EXERCISE GOAL >> Copy out all the lines in the records that include the word "Jeep".

Excerpts from a dataset:

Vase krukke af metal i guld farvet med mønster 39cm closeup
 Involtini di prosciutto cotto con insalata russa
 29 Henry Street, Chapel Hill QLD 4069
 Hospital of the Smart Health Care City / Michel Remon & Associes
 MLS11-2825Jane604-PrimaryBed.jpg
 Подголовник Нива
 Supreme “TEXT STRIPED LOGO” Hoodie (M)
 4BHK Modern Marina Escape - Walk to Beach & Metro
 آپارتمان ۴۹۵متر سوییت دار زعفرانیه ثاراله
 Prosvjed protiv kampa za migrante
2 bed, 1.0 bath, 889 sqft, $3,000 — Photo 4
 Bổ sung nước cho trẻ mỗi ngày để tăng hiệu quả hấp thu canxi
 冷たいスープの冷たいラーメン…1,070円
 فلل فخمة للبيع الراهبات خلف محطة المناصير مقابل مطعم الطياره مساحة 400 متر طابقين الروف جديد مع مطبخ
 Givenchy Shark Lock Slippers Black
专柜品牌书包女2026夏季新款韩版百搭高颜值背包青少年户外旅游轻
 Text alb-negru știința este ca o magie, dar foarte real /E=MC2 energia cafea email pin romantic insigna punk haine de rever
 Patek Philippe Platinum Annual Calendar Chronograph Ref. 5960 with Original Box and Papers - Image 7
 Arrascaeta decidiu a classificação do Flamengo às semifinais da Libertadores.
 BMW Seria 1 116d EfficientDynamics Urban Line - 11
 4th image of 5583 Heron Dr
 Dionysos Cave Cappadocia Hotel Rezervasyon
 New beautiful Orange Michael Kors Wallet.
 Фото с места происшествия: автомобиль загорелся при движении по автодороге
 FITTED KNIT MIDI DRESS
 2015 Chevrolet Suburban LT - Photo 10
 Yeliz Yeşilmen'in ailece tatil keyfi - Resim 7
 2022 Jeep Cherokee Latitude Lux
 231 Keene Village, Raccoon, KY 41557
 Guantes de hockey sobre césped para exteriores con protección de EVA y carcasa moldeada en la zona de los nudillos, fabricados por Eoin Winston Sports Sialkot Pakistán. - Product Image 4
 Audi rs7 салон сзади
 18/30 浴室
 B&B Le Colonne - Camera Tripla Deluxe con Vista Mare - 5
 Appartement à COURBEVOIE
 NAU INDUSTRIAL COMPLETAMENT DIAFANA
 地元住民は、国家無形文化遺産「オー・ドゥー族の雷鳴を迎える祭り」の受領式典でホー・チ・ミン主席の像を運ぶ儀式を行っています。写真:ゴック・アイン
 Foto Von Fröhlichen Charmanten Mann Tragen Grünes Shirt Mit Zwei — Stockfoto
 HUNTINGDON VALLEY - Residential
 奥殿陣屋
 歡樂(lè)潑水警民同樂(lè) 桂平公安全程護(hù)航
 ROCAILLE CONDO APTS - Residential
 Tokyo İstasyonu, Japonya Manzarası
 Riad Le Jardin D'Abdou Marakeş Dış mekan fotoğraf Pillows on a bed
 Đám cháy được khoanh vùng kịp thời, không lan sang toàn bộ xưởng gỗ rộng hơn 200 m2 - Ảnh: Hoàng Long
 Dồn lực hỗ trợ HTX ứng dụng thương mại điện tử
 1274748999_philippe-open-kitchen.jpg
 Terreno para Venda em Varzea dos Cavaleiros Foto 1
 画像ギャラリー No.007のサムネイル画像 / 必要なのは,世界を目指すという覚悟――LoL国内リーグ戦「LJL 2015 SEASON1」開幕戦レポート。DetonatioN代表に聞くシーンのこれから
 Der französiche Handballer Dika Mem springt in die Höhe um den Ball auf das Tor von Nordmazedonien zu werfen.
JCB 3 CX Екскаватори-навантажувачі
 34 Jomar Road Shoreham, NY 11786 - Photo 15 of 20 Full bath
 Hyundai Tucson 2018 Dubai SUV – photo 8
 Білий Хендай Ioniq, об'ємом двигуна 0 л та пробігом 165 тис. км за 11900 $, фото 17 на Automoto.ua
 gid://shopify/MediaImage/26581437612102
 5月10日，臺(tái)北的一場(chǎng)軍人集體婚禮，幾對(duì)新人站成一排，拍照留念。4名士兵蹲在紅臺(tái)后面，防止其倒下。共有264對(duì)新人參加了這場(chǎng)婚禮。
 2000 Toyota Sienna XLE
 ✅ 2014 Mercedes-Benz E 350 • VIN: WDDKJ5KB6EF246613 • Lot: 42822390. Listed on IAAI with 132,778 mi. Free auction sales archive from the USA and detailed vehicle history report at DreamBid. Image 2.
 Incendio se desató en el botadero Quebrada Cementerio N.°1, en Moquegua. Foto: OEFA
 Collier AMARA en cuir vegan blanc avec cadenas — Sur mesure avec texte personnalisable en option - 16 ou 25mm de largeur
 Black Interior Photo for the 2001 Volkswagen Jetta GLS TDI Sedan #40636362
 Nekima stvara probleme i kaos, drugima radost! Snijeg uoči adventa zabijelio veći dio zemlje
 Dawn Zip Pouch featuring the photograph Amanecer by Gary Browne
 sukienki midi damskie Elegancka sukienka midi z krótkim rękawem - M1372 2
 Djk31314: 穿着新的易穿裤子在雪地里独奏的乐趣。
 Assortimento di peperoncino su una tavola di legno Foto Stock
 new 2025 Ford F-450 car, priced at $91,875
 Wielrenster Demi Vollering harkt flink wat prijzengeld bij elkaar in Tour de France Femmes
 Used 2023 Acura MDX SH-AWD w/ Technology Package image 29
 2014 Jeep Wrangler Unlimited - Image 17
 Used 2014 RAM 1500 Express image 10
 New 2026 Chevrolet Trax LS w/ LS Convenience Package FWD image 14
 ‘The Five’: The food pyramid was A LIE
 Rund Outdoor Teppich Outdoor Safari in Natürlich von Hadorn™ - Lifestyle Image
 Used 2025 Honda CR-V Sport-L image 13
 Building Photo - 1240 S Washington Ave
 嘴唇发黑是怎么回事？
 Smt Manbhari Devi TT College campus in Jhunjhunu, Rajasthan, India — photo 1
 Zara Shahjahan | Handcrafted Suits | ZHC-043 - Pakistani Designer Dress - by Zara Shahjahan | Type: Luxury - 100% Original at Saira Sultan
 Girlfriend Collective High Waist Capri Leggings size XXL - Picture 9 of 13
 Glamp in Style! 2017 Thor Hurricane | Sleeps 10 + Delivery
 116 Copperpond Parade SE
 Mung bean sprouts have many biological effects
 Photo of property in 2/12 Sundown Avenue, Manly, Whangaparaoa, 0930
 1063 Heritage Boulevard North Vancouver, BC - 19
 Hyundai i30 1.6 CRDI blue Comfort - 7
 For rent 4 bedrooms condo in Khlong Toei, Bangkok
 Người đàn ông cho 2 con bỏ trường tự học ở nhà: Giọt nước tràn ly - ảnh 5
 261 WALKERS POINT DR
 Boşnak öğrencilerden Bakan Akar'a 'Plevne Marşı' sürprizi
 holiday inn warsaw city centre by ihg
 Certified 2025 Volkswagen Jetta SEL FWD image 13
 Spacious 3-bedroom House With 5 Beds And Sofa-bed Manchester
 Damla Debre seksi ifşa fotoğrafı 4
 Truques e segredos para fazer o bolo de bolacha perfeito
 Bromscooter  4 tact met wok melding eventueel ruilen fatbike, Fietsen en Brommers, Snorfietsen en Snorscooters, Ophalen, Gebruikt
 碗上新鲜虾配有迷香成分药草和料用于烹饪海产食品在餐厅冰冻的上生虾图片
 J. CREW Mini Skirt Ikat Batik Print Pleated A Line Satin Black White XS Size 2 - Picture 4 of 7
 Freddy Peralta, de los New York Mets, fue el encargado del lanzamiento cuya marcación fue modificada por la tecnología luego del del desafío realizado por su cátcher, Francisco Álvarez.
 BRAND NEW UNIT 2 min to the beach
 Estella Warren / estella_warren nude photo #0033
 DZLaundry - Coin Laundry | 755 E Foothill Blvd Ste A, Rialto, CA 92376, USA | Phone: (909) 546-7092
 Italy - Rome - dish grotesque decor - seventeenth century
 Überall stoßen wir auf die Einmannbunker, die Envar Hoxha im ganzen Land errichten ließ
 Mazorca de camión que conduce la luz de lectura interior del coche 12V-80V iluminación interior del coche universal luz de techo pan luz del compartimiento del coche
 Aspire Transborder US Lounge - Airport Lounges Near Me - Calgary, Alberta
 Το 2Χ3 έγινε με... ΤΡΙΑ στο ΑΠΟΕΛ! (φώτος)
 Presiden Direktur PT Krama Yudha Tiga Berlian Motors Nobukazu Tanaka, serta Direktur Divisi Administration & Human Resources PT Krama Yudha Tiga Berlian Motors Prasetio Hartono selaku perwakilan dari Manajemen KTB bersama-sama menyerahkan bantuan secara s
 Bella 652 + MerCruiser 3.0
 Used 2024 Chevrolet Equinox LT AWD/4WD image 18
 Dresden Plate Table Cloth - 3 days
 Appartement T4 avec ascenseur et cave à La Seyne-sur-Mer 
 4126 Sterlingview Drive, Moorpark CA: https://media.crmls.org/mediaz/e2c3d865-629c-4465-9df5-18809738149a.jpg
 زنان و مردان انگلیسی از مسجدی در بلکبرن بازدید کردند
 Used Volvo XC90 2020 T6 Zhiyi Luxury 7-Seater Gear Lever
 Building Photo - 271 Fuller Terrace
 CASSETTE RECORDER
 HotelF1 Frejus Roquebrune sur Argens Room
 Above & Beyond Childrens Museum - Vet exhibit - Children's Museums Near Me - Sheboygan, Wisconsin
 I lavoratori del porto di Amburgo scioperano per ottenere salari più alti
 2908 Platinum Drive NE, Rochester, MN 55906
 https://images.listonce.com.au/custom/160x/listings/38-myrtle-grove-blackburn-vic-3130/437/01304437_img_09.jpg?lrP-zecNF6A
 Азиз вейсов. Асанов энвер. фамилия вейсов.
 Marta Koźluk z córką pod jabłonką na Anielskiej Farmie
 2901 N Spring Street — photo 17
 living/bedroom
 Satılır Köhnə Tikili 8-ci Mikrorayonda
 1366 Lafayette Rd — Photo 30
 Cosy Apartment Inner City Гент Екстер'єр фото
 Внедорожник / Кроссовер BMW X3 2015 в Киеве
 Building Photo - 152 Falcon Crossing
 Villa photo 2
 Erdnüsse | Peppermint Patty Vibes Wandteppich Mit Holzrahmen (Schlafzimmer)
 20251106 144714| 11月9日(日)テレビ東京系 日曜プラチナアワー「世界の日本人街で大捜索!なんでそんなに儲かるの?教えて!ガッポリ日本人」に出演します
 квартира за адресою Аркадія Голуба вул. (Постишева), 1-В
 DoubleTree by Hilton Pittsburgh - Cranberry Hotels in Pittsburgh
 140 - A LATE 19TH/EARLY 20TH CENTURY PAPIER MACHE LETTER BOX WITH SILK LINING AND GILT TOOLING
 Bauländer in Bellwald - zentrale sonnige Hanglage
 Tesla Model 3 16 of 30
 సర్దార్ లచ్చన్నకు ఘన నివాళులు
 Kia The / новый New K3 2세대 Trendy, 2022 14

FINISHED TASK >>
 2022 Jeep Cherokee Latitude Lux
 2014 Jeep Wrangler Unlimited - Image 17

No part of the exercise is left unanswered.